Percival Puggina
O alerta à margem da ferrovia é, também, recomendação para a vida numa sociedade política. Vivemos bombardeados pela informação, pela desinformação e pela contrainformação. A vida nos ensinou quanto é enganoso o território da política, onde há pouca vida ativa além das aparências, encenações, narrativas e mentiras mais deslavadas com vistas ao poder. O que muitos políticos fazem por conta própria em desfavor da sociedade supera de longe o que sobre eles é dito em fake news.
Anteontem, 28 de maio, o Congresso Nacional manteve o veto do ex-presidente Bolsonaro à tipificação de crimes contra o Estado Democrático de Direito, entre eles a criminalização das fake news nas eleições.

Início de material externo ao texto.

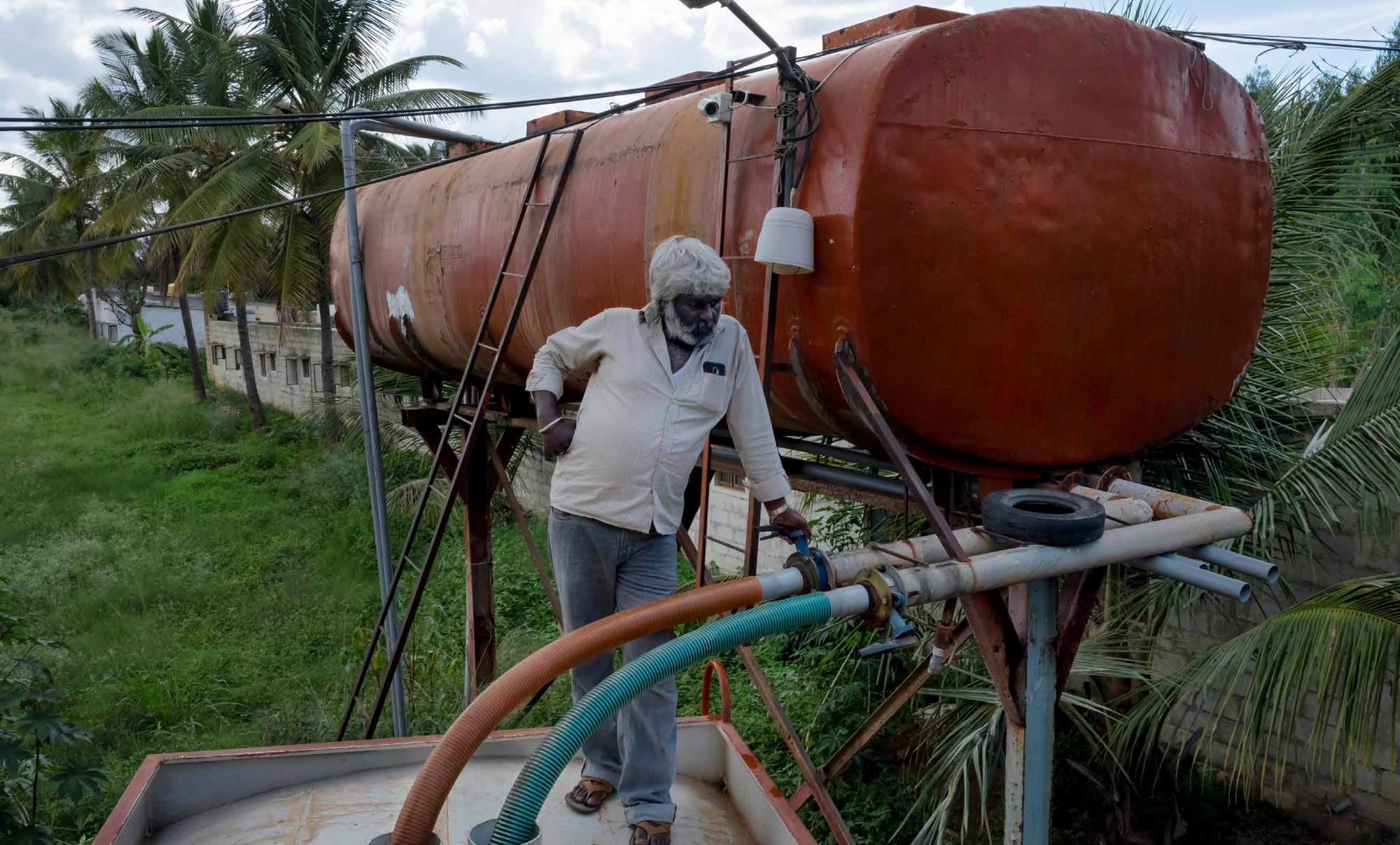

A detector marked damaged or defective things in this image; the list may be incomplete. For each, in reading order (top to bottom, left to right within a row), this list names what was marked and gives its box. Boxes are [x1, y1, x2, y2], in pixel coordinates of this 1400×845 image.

rusty tank surface [333, 5, 1277, 470]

Reflita sobre os seguintes problemas reais da política e da democracia à brasileira:
- instituições onerosas e não funcionais;
- presidencialismo, em que o governo se vende aos partidos e, mesmo assim, precisa comprar votos pessoais dos parlamentares a cada deliberação no parlamento, desonrando os dois poderes;
- eleições de parlamentares pelo sistema proporcional, distanciando representantes de representados;
- fabuloso financiamento de partidos e campanhas eleitorais;
- sistema de apuração confidencial;
- intenso protagonismo político de um poder sem voto (STF/TSE);
- ameaças e ações contra a liberdade de expressão nas redes sociais, restringindo a propagação das opiniões e o acesso a elas.
Pare, olhe, escute. E pense! Nosso país tem, sim, gravíssimos problemas que afetam a democracia e provocam consequências políticas, sociais e econômicas. Dentre esses, dos quais não se fala para que não se deem mal os que com isso se dão bem, as notícias falsas são um problema menor! Por que geram tanta celeuma? Fica evidente que o empenho em as combater é engano ou ilusão. O que sai ferido é a liberdade de expressão! Basta observar quem mais se empenha contra elas aqui, no mundo livre e onde a liberdade já foi perdida.

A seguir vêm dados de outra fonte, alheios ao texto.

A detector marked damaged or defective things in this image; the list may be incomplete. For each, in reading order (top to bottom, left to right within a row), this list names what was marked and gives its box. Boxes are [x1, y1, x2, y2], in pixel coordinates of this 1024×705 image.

Não faz sentido caçar borboletas e poupar os gafanhotos. Como explicar que, de repente, as tais fake news sejam o assunto de que mais se fala e as redes sociais tratadas como vilãs da política nacional, a atrapalhar os democráticos ditames emanados do Olimpo brasiliense? Será por acaso que essa obsessão iniciou com a propagação das ideias conservadoras e liberais através das redes sociais? “A liberdade de expressão não é um direito absoluto”, repetem à exaustão, até que não seja direito algum.
As “narrativas correm soltas! Sobre essas mentiras estruturadas, de amplo espectro, quanto papel já gastei escrevendo! De seu uso e abuso, montadas em laboratório, o atual presidente é protagonista, propagandista e mestre internacional!

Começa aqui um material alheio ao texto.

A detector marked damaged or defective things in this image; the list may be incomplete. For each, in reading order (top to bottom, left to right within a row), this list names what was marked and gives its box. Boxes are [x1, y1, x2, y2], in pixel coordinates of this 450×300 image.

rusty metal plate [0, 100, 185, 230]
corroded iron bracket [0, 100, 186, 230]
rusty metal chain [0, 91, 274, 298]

Reproduzidas com o vigor dos meios culturais, as narrativas são, hoje, parte do repertório e gênero literário com que formadores de opinião do jornalismo militante na velha imprensa se dedicam a pentear as bobagens descabeladas emitidas pelo governo da União. Delas quase não se fala! Dos sigilos de que o poder se reveste, também não. Dos fatos silenciados, tampouco. Sobre fake analysis exibidas nos grandes veículos, nem um pio. Perigosas, as narrativas são, também, o invólucro ideológico com que o ambiente educacional brasileiro abastece o mercado de cabeças feitas e cérebros encolhidos. Por si sós, elas são muito mais nocivas do que as notícias falsas. E ninguém pensa em fechar os estabelecimentos de ensino devido à militante pedagogia freiriana.
A liberdade de expressão, paradigma de todo bom constitucionalismo democrático, nunca foi tão bem servida quanto após o surgimento das redes sociais. Ela envolve a liberdade de opinar e a de receber opiniões em profusão. Apesar do entulho autoritário, das ameaças e dos idiotas que propagam fake news, elas ainda são o que de melhor dispõe a sociedade para promover seu próprio debate político, com autonomia. Silenciar alguém agride, simetricamente, um direito de todos os que têm cortada essa conexão. Dispersa e compartilhada na sociedade, a liberdade de expressão rompeu a hegemonia da Rede Globo. Agora, temos censura e, em nome da democracia, há quem lute pelo direito de ampliá-la a gosto.
Quem assim tem procedido nos poderes de Estado, repito, tem usado com largueza a prerrogativa de impor sigilo sobre tudo que não quer ver exposto ao conhecimento público. Pare, olhe, escute. Pense! Não se deixe distrair por manobras diversionistas.